Your objective: Leave out the pictures and copy everything else in the records exactly.

[Source information]

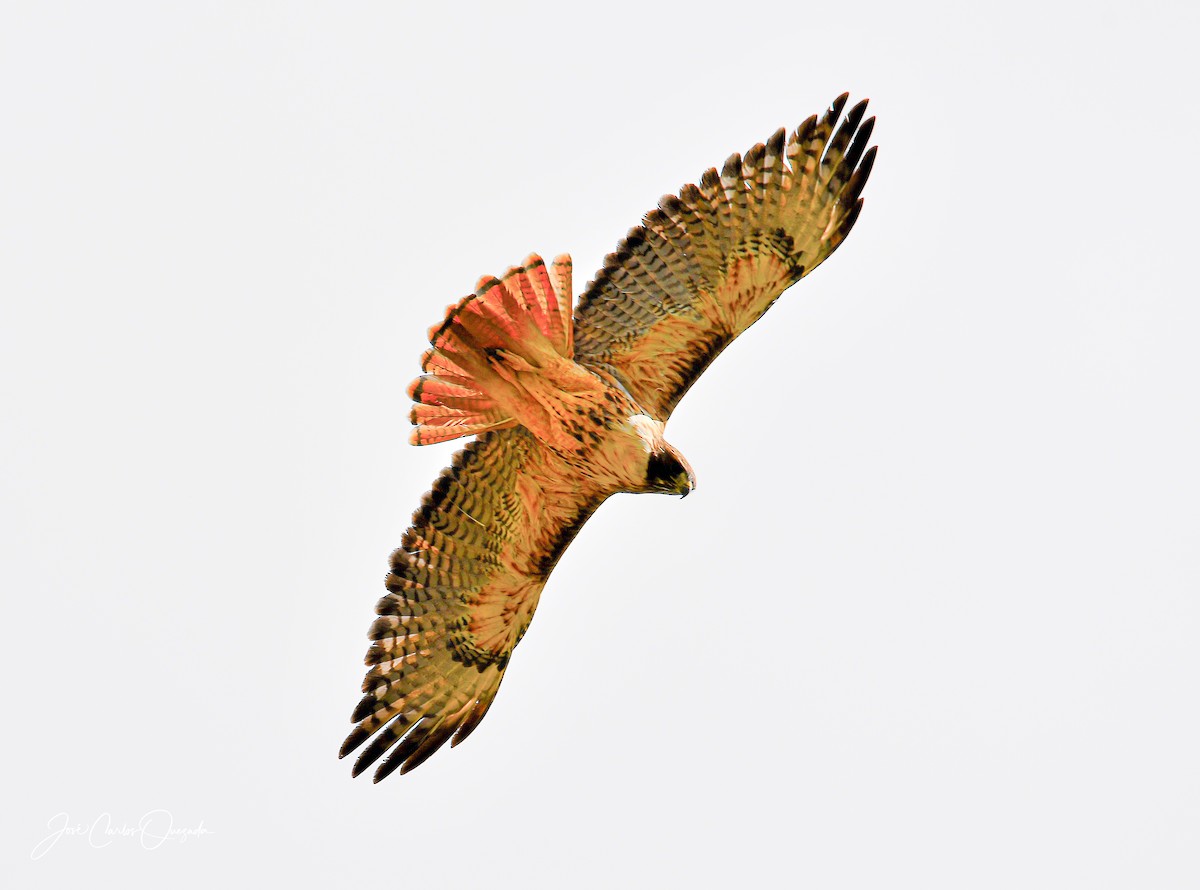 Red-tailed Hawk - ML194155861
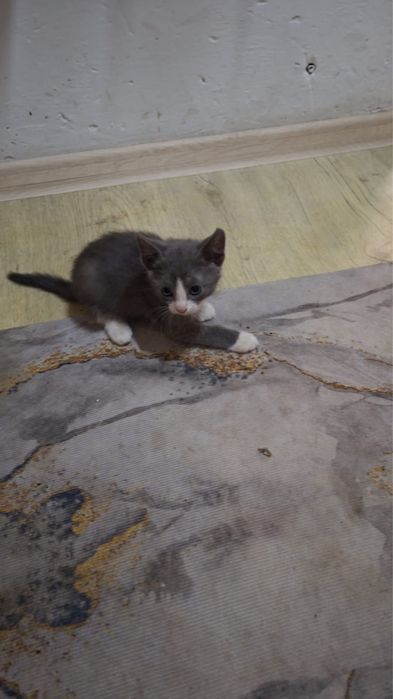Отдам котят в хорошие руки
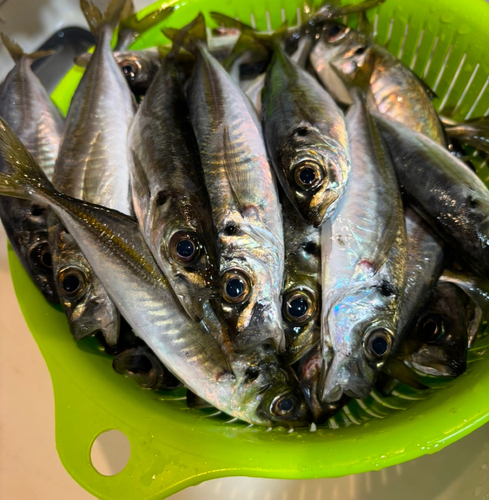 アジの釣果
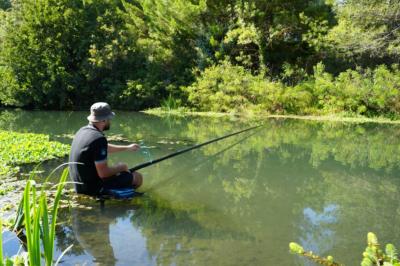 Quest-ce que la pche au coup ? Guide complet pour dbutants et passionns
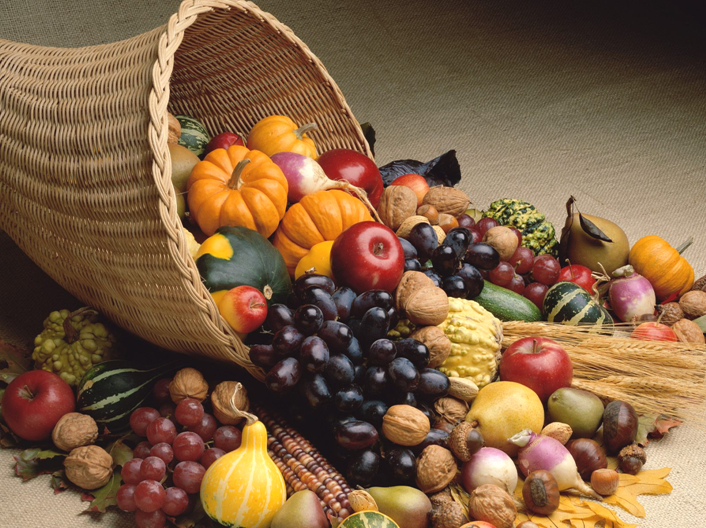 Harvest Collection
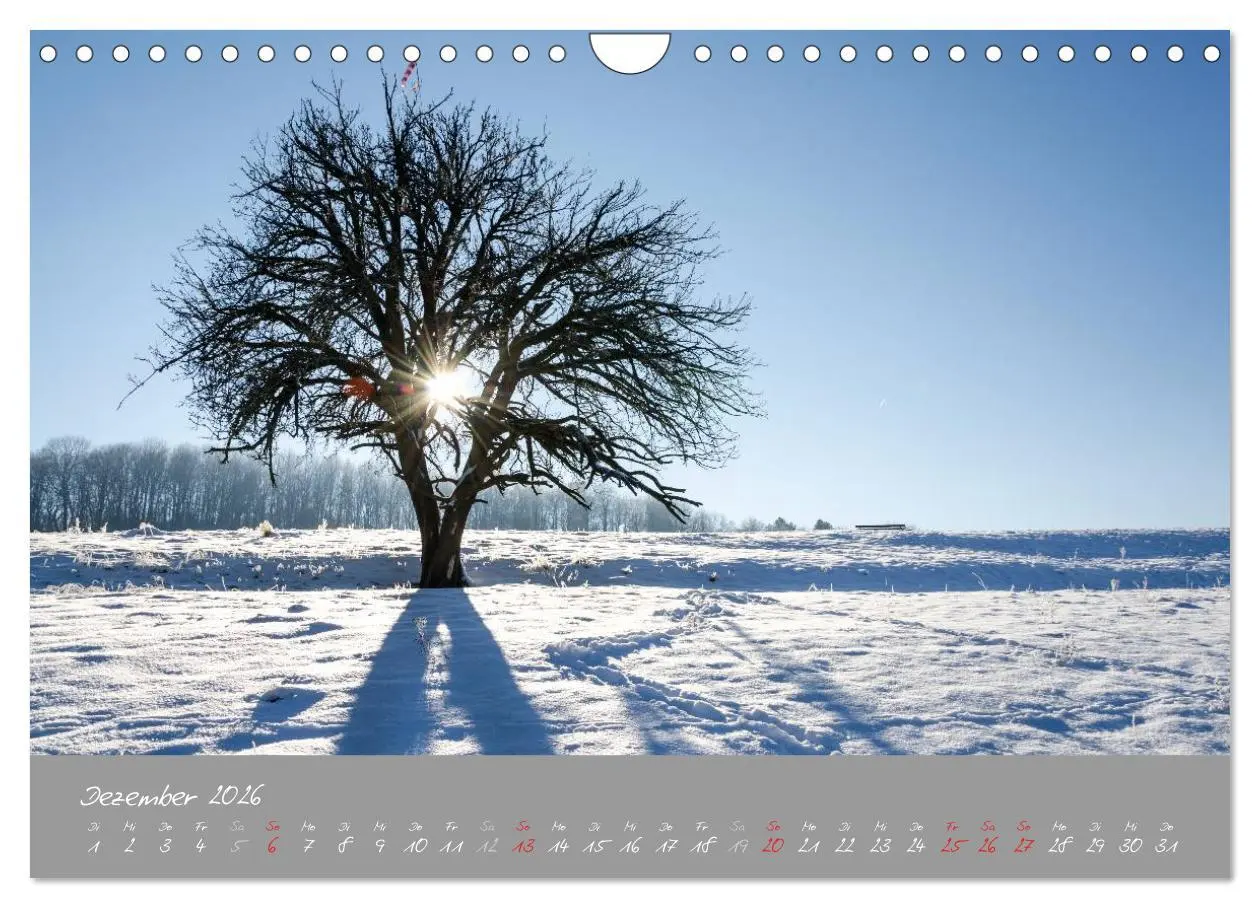 Bild: 9783516030440 | Zwölf Monate in Tübingen (Wandkalender 2026 DIN A4 quer), CALVENDO...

[/Source information]

Reply to the exercise:
 Red-tailed Hawk - ML194155861
Отдам котят в хорошие руки
 アジの釣果
 Quest-ce que la pche au coup ? Guide complet pour dbutants et passionns
 Harvest Collection
 Bild: 9783516030440 | Zwölf Monate in Tübingen (Wandkalender 2026 DIN A4 quer), CALVENDO...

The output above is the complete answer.